El papa Francisco y y el expresidente de Uruguay, José “Pepe” Mujica, pasarán a la historia no solo como los líderes espirituales y políticos más excéntricos y carismáticos, sino como los más auténticos. Con mucho en común, la vida de ambos fue un homenaje a virtudes en decadencia como la sinceridad, solidaridad y lealtad a los principios.
En estos tiempos de justificadas desconfianza y frustración con gobernantes, ideologías, partidos políticos, iglesias y organizaciones cívicas, Francisco, quien murió el 21 de abril, y Mujica, el 13 de este mes, fueron la excepción por su coherencia.
Al proclamar que le gustaría una iglesia pobre para los pobres, el papa Francisco fue el primero en renunciar a las comodidades reservadas a los jefes del Vaticano. Además de trasladarse del Palacio Apostólico a un hospedaje más modesto, el Pontífice donaba su salario de 32 mil dólares mensuales. La justicia social, la libertad, el derecho a la felicidad y el respeto a la dignidad estuvieron en el centro de sus prédicas, gracias a las cuales y a su estilo modificó la moral de creyentes, ateos y el crédito del catolicismo.

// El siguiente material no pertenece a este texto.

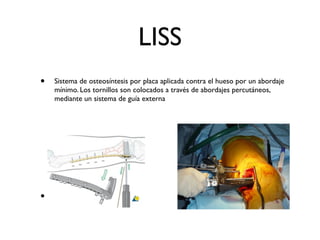 LISS
•   Sistema de osteosíntesis por placa aplicada contra el hueso por un abordaje
    mínimo. Los tornillos son colocados a través de abordajes percutáneos,
    mediante un sistema de guía externa




•
 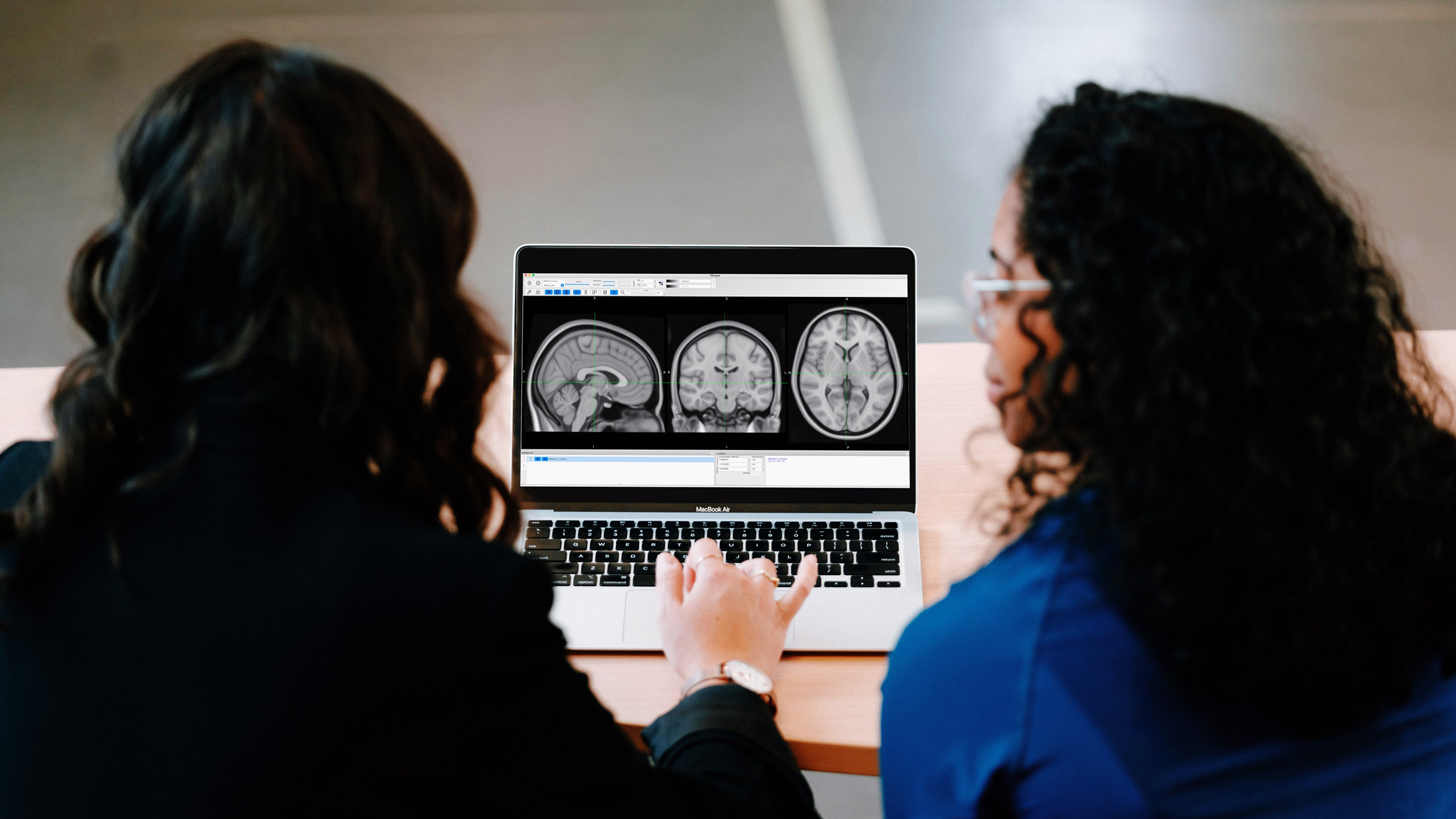 Photo of a brain diagram on a computer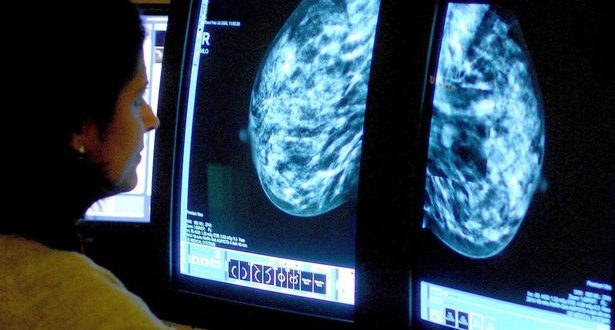 Financial crisis linked to over 200000 cancer-related deaths, says new research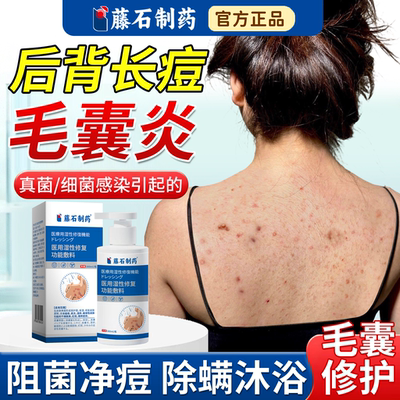 【速发】后背长痘痘毛囊炎沐浴露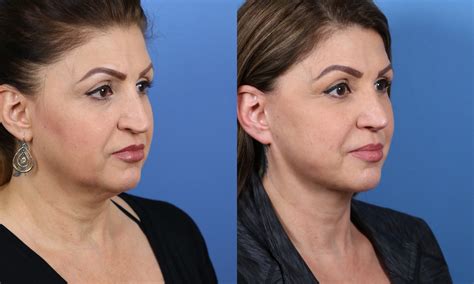 Beautiful Facelift Results In San Diego Ca By Dr John Hilinski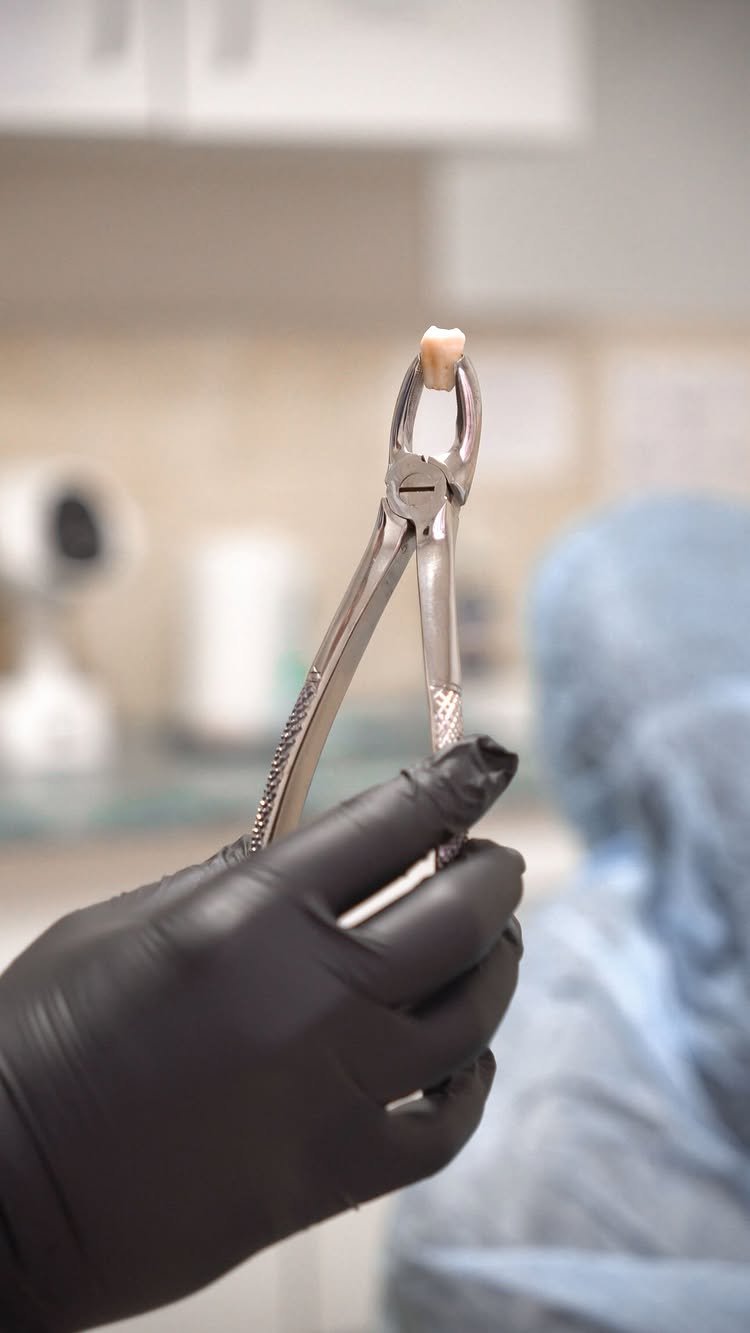 Лечение кариеса в клинике Статус Дента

Mujica ha sido el líder político más excepcional de estos tiempos. Aunque fue guerrillero, guardó prisión y fue torturado, desde el poder, antes que la venganza, optó, como Mandela, en promover la conciliación para impulsar reformas en beneficio del desarrollo social y económico de Uruguay. La facilidad para generar empatía con frases que calaban en los auditorios, la gran lección de Mujica la representó su coherencia. Predicaba, como se dice, con el ejemplo.
La austeridad con que vivió no tiene por qué compartirse, pero era lo que él entendía que lo hacía sentir bien. A pesar de las limitaciones o los rigores que se impuso, incluso siendo presidente de Uruguay, jamás se consideró una persona pobre porque decía que tenía más que lo necesario para subsistir. Hasta el último día no dependió de nadie más que de él mismo. Consciente de que estaba en las últimas tranquilizó a sus huestes con la frase de que “el guerrero tiene derecho a su descanso”.

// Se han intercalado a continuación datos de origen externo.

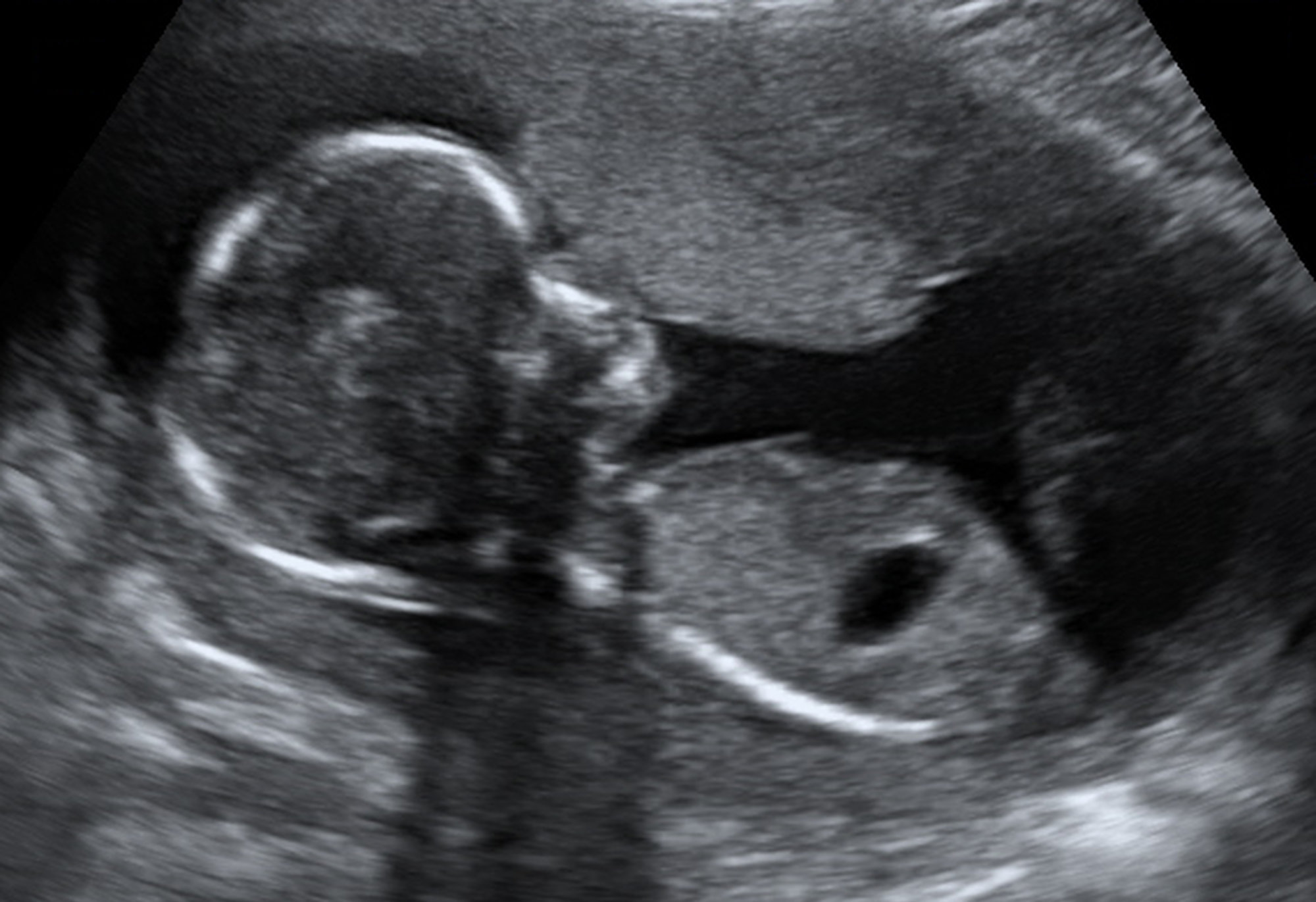 An ultrasound image showing our baby.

Mujica, a quien una izquierda regional apenas toleraba, y el papa Francisco, que en común tenían hasta dos reliquias más propias de museos o de colección que de medio de transporte, como el Volkswagen modelo 84, de uno, y el Renault 87, del otro, dejan con sus muertes un vacío y un legado tanto para los líderes espirituales y la clase política como para todas las personas.
La coherencia o lealtad a los principios inspiran más seguridad y confianza que la ostentación o la demagogia. Nadie cuestiona la autenticidad de ninguno de los dos, quienes construyeron sus imágenes sobre el ejemplo y no sobre la demagogia o el espectáculo.